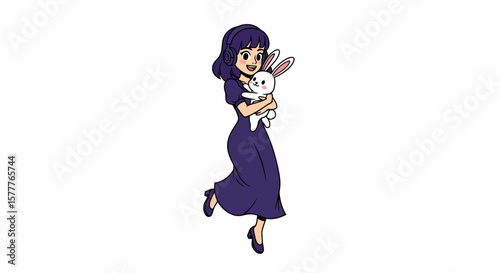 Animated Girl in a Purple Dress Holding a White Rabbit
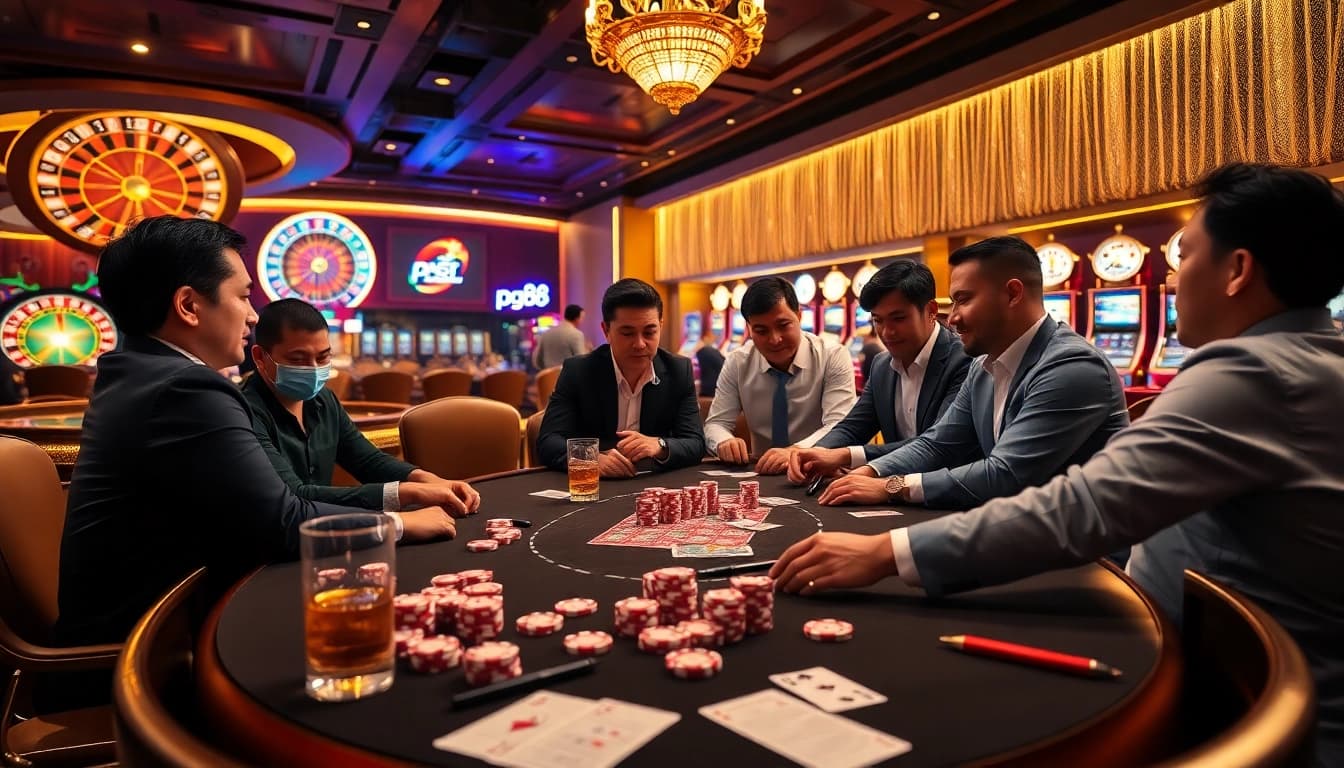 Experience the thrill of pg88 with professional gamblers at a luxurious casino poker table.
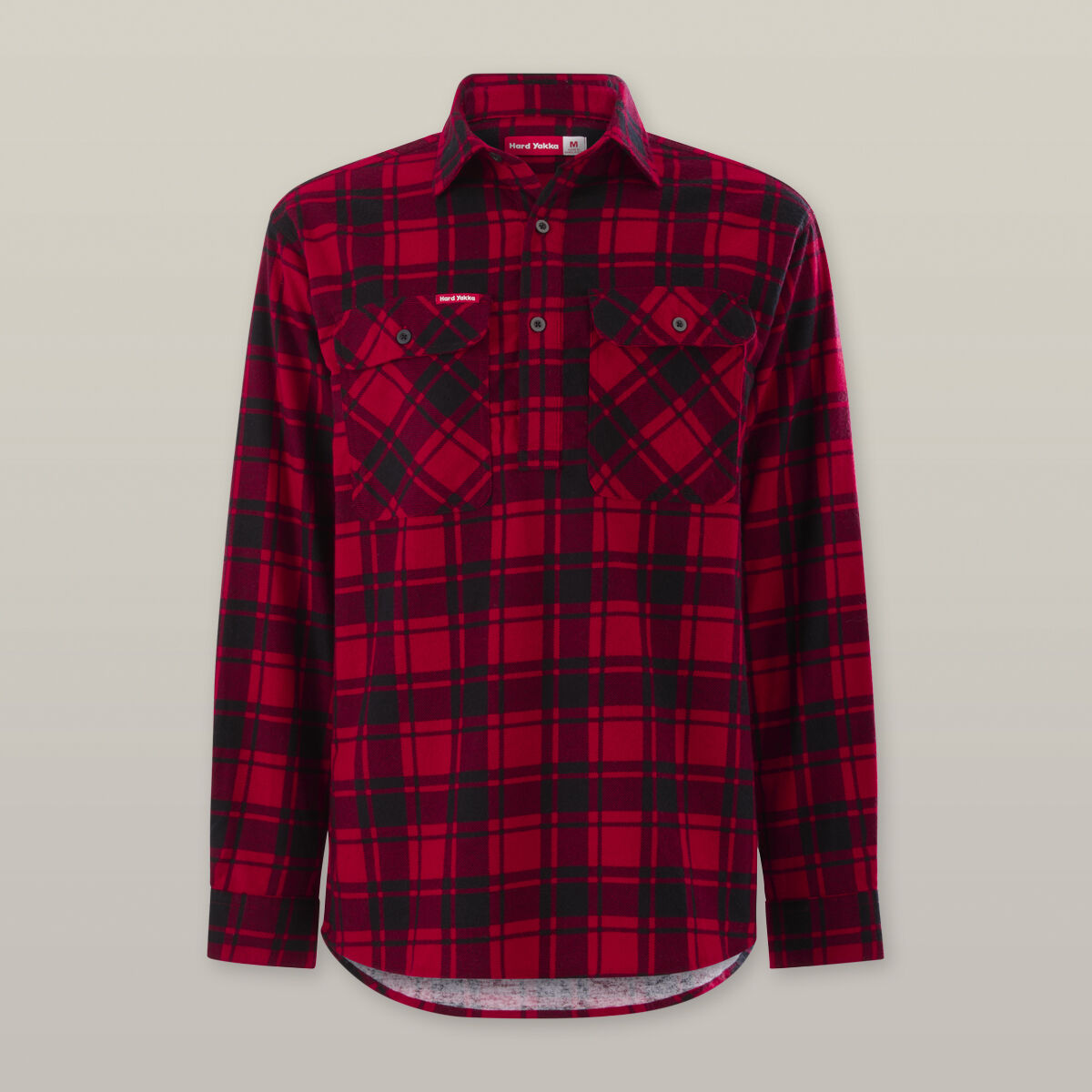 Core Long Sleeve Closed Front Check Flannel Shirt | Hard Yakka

[PROBLEM REQUIREMENTS]
Restate exactly, and only, the lines from the one that holds "Experience the thrill" down to the last line of the material above. Omit the pictures.

[EXPECTED OUTPUT]
 Experience the thrill of pg88 with professional gamblers at a luxurious casino poker table.
 Core Long Sleeve Closed Front Check Flannel Shirt | Hard Yakka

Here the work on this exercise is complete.